### Exercise:
An exact copy of every entry is needed here; the images stay out.

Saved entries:
*** Begin section ***

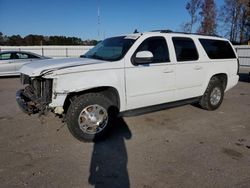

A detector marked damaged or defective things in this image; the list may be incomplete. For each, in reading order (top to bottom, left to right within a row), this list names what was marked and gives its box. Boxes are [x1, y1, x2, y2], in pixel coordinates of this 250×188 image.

damaged front end [16, 73, 52, 114]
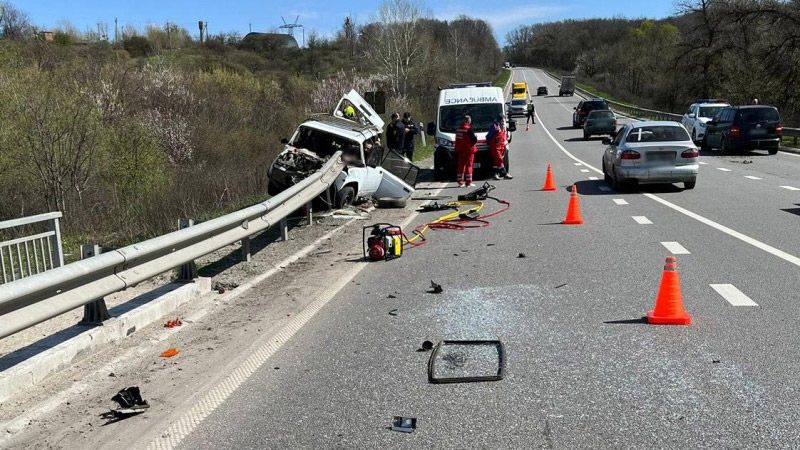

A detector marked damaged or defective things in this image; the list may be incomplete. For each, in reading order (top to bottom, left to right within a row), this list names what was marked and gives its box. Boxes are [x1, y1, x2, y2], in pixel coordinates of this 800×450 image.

wrecked white van [268, 90, 418, 209]
damaged guardrail post [78, 244, 110, 326]
bent guardrail [0, 153, 340, 340]
damaged guardrail post [177, 219, 197, 282]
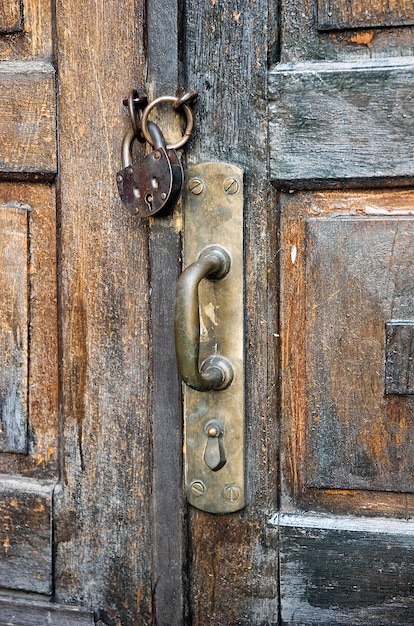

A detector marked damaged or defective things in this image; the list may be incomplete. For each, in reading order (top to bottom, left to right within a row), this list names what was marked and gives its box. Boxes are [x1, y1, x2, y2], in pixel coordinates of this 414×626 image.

rusty padlock [115, 120, 182, 216]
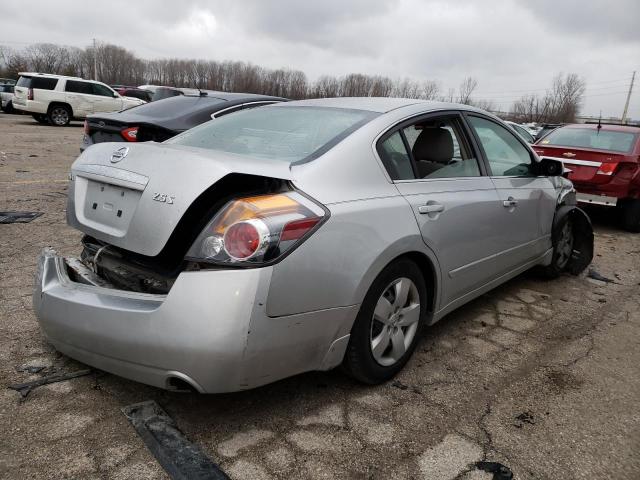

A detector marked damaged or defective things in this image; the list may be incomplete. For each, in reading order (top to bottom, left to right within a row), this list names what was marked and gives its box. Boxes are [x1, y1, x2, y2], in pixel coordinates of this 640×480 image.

cracked tail light [122, 125, 139, 141]
damaged rear bumper [32, 249, 356, 392]
cracked tail light [184, 192, 324, 266]
cracked pavement [0, 113, 636, 480]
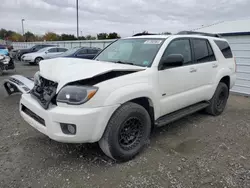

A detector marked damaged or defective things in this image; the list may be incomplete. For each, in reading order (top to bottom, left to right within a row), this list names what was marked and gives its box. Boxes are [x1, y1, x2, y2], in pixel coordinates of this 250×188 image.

crumpled hood [38, 57, 146, 92]
damaged headlight housing [56, 86, 97, 105]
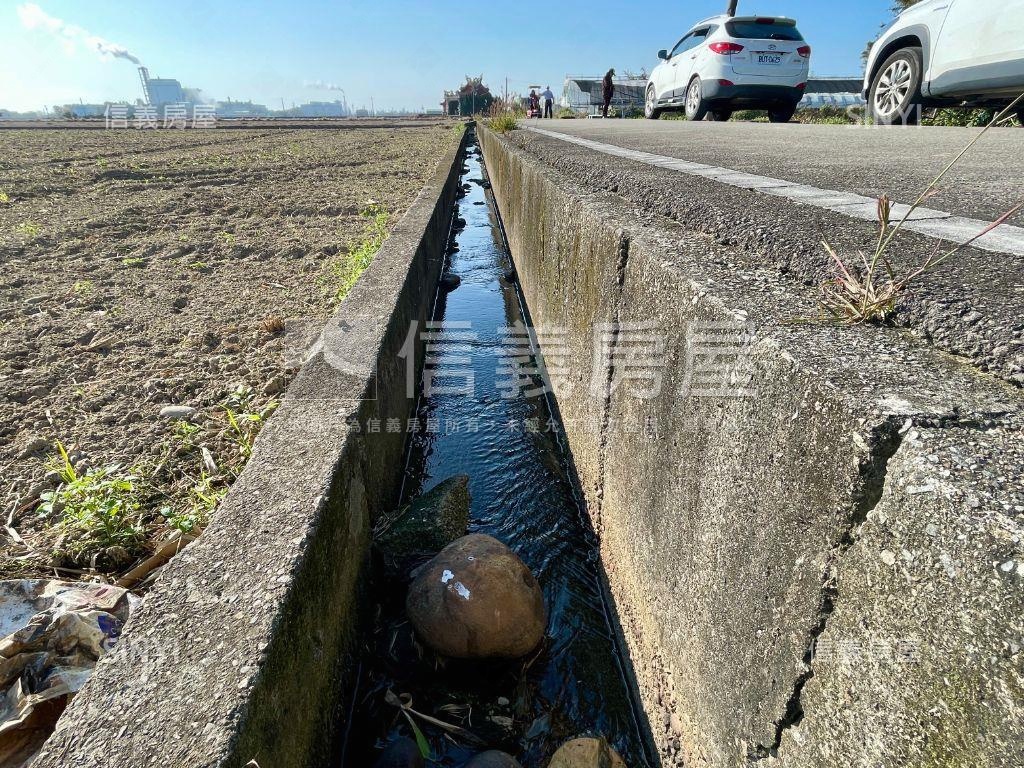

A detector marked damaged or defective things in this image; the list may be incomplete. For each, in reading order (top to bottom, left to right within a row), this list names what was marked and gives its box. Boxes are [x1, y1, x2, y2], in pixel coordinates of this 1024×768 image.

crack in concrete [753, 417, 905, 761]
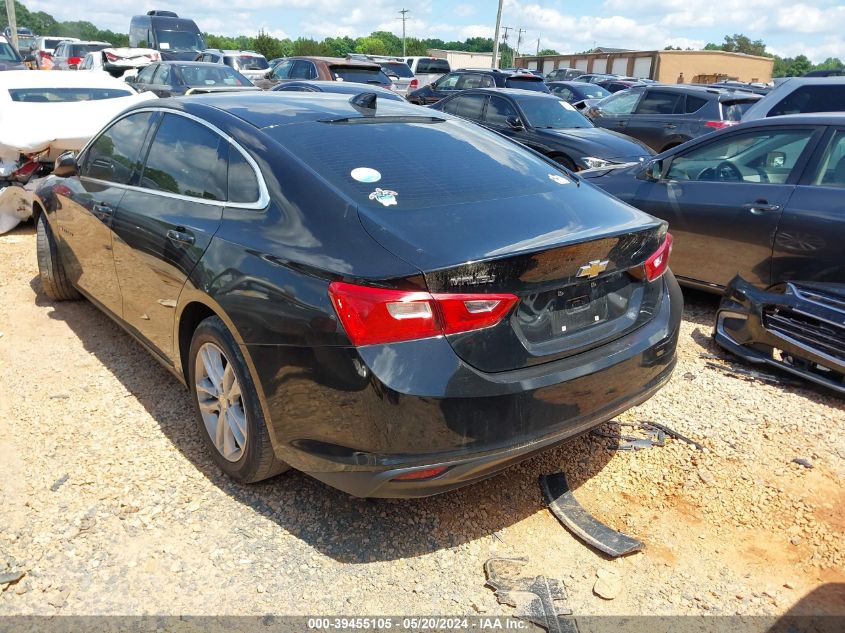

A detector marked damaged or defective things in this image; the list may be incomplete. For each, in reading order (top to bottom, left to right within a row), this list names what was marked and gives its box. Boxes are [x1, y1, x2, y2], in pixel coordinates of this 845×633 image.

damaged sedan [0, 71, 157, 233]
damaged sedan [36, 91, 684, 496]
detached car part [712, 276, 844, 396]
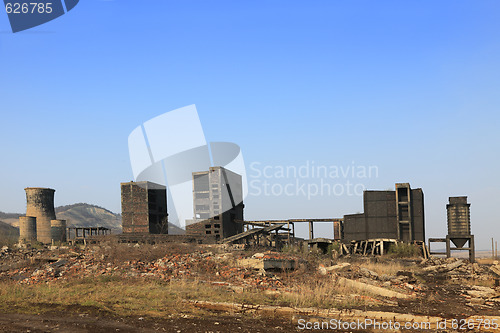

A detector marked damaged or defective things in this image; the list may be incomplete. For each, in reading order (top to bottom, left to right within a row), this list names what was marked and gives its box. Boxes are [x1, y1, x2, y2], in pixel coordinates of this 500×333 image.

rusty metal structure [18, 215, 36, 241]
rusty metal structure [25, 187, 56, 244]
rusty metal structure [120, 182, 168, 233]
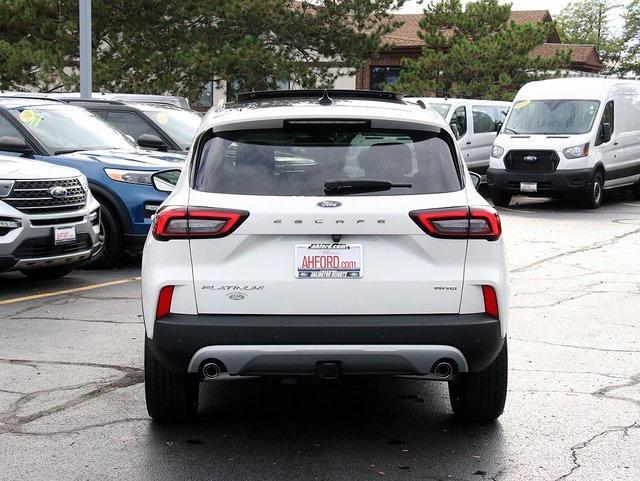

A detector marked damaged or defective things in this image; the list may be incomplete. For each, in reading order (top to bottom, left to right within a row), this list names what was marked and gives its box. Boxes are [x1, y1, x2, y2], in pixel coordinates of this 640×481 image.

crack in asphalt [512, 223, 640, 272]
cracked pavement [1, 192, 640, 480]
crack in asphalt [0, 356, 142, 436]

*** End section ***

### Solution to this task:
A detector marked damaged or defective things in this image; the list may be incomplete. For each, in reading order (top to bottom, left to right within a row), this list names what was marked and gives its box. Boxes are [x1, y1, x2, y2], in pixel coordinates of this 250×188 image.

damaged front end [16, 73, 52, 114]

A detector marked damaged or defective things in this image; the list may be incomplete. For each, in reading order (top to bottom, left to right within a row), this list names what was marked and gives its box. Boxes are [x1, y1, x2, y2], in pixel coordinates of this 800×450 image.

wrecked white van [268, 90, 418, 209]
damaged guardrail post [78, 244, 110, 326]
bent guardrail [0, 153, 340, 340]
damaged guardrail post [177, 219, 197, 282]

A detector marked damaged or defective things in this image; the list may be incomplete. For each, in reading order (top to bottom, left to right within a row), this list names what was marked and gives its box. Boxes are [x1, y1, x2, y2], in pixel coordinates of this 414×626 image.

rusty padlock [115, 120, 182, 216]

A detector marked damaged or defective things in this image; the list may be incomplete. For each, in reading order (top to bottom, left to right within a row), this list names what was marked and gives its box. Boxes are [x1, y1, x2, y2], in pixel coordinates of this 640×480 image.

cracked tail light [122, 125, 139, 141]
damaged rear bumper [32, 249, 356, 392]
cracked tail light [184, 192, 324, 266]
cracked pavement [0, 113, 636, 480]

A detector marked damaged or defective things in this image; the list may be incomplete. For each, in reading order (top to bottom, left to right within a row), this list names what was marked and gives its box. Boxes are [x1, y1, x2, y2], in pixel coordinates of this 250×188 image.

crumpled hood [38, 57, 146, 92]
damaged headlight housing [56, 86, 97, 105]

A detector marked damaged or defective things in this image; the list may be incomplete. For each, in reading order (top to bottom, left to right within a row), this list names what was marked and gives its box. Boxes are [x1, y1, x2, y2], in pixel coordinates of this 1024×768 image.

crack in concrete [753, 417, 905, 761]

A detector marked damaged or defective things in this image; the list may be incomplete. For each, in reading order (top to bottom, left to right within a row), this list names what was marked and gives its box. Boxes are [x1, y1, x2, y2], in pixel coordinates of this 845×633 image.

damaged sedan [0, 71, 157, 233]
damaged sedan [36, 91, 684, 496]
detached car part [712, 276, 844, 396]

A detector marked damaged or defective things in this image; the list may be incomplete. For each, in reading order (top to bottom, left to right within a row), this list names what was marked and gives its box. Boxes are [x1, y1, x2, y2], in pixel coordinates of this 500×333 image.

rusty metal structure [18, 215, 36, 241]
rusty metal structure [25, 187, 56, 244]
rusty metal structure [120, 182, 168, 233]

A detector marked damaged or defective things in this image; the list may be incomplete. For each, in reading order (top to bottom, left to right within a row), this list names what was marked and gives its box. Boxes are [x1, y1, x2, y2], in pixel coordinates of this 640×481 image.

crack in asphalt [512, 223, 640, 272]
cracked pavement [1, 192, 640, 480]
crack in asphalt [0, 356, 142, 436]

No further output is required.